[[ MATERIAL TO PROCESS open ]]
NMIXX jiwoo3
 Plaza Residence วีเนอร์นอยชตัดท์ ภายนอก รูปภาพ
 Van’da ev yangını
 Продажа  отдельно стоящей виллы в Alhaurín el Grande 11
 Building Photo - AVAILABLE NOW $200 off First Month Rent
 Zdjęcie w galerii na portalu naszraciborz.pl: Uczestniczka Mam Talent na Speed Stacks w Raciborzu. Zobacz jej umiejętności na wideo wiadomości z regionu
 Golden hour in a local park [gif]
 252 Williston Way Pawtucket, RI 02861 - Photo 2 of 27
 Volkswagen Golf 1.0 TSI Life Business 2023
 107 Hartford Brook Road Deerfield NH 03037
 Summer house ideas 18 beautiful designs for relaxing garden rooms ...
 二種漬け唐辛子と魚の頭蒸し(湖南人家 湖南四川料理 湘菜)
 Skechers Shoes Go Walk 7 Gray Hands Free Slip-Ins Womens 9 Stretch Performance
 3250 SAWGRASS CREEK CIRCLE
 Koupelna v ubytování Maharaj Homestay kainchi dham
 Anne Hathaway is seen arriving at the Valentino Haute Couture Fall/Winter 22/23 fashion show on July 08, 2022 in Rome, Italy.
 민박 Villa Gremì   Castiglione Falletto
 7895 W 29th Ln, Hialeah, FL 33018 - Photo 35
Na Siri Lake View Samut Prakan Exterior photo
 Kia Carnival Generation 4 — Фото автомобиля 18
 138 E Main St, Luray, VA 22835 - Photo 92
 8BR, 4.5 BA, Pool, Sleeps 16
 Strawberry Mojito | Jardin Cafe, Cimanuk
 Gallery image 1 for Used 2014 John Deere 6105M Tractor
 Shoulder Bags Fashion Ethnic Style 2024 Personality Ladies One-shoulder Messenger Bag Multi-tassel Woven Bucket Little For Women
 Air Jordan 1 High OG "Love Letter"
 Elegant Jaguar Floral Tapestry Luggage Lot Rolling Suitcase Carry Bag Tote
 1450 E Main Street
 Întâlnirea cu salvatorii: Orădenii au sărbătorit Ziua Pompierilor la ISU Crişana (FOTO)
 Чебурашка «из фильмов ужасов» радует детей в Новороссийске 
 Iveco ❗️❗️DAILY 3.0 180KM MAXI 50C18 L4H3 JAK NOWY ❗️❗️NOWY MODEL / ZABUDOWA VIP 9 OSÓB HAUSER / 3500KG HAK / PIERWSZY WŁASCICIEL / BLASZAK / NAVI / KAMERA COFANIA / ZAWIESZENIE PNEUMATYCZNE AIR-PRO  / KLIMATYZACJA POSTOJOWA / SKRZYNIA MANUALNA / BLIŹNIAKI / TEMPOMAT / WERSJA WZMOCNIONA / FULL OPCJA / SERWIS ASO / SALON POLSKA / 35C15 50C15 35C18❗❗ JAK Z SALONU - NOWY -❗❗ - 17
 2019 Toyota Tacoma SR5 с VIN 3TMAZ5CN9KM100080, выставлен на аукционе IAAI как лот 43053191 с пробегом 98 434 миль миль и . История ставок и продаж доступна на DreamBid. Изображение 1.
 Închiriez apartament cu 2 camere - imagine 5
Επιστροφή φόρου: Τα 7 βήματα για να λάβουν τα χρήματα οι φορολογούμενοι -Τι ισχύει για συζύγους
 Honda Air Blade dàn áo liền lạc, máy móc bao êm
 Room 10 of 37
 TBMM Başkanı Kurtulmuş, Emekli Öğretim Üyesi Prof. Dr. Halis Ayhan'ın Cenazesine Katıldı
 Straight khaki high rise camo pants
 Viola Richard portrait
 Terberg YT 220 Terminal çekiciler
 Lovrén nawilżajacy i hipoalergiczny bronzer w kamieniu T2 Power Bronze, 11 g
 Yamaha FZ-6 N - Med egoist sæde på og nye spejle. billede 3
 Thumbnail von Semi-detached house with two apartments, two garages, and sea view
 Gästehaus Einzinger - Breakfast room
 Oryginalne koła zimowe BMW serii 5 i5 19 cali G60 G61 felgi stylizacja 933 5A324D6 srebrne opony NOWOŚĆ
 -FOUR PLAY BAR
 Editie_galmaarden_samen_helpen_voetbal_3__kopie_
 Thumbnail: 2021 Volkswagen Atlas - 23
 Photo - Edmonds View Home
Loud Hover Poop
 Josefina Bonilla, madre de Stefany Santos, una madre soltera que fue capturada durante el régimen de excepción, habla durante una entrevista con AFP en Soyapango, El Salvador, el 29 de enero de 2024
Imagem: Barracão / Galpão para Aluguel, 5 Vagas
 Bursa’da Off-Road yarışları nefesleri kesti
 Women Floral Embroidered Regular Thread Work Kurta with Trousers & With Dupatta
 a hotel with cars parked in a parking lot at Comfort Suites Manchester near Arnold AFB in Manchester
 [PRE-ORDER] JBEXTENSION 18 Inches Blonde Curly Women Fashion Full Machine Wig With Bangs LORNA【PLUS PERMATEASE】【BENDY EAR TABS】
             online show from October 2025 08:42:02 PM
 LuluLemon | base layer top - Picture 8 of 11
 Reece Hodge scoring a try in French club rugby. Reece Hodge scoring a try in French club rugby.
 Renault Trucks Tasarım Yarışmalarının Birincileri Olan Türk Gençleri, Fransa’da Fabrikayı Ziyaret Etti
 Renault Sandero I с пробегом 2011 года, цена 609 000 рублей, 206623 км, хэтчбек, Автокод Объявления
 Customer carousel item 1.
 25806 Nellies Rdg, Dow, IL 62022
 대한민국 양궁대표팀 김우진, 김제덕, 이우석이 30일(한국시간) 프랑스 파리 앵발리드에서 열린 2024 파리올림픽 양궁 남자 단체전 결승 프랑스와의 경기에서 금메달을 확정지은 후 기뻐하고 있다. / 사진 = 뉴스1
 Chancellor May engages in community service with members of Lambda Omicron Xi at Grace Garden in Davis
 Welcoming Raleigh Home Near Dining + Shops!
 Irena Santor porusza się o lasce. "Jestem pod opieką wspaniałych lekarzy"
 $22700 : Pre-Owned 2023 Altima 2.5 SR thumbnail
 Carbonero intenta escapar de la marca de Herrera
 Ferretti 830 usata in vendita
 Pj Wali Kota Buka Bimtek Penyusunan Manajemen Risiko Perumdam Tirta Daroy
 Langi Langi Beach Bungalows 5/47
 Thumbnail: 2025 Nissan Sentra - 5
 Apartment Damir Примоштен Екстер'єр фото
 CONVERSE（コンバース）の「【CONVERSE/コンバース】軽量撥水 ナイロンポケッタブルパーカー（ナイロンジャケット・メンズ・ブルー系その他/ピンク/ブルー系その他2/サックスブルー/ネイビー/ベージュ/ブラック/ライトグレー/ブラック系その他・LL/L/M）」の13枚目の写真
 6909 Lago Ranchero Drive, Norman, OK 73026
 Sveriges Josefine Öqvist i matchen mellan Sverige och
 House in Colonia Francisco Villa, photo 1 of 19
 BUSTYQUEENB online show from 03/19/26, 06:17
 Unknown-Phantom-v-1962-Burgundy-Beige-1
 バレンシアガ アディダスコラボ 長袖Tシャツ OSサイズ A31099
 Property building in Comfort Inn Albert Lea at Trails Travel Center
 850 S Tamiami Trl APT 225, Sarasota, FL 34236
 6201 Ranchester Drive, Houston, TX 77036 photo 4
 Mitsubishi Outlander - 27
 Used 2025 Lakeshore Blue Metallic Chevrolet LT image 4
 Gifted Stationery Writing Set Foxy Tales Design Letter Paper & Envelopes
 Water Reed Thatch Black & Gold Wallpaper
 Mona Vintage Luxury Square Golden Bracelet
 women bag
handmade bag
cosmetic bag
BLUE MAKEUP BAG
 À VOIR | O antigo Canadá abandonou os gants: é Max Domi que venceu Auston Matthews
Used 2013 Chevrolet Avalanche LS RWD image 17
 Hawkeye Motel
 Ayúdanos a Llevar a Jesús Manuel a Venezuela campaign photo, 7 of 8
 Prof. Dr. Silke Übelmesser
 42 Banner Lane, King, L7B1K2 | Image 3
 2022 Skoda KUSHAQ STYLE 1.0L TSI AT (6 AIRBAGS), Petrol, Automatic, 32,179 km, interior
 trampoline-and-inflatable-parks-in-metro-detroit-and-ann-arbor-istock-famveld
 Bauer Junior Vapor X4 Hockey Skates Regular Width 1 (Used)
[[ MATERIAL TO PROCESS closed ]]
## [ABOUT THIS EXERCISE]
Go to the line in the material above that contains "대한민국 양궁대표팀 김우진, 김제덕, 이우석이" and copy exactly from there through the line that contains "Chancellor May engages", stopping after it.

## [SOLVED PROBLEM]
 대한민국 양궁대표팀 김우진, 김제덕, 이우석이 30일(한국시간) 프랑스 파리 앵발리드에서 열린 2024 파리올림픽 양궁 남자 단체전 결승 프랑스와의 경기에서 금메달을 확정지은 후 기뻐하고 있다. / 사진 = 뉴스1
 Chancellor May engages in community service with members of Lambda Omicron Xi at Grace Garden in Davis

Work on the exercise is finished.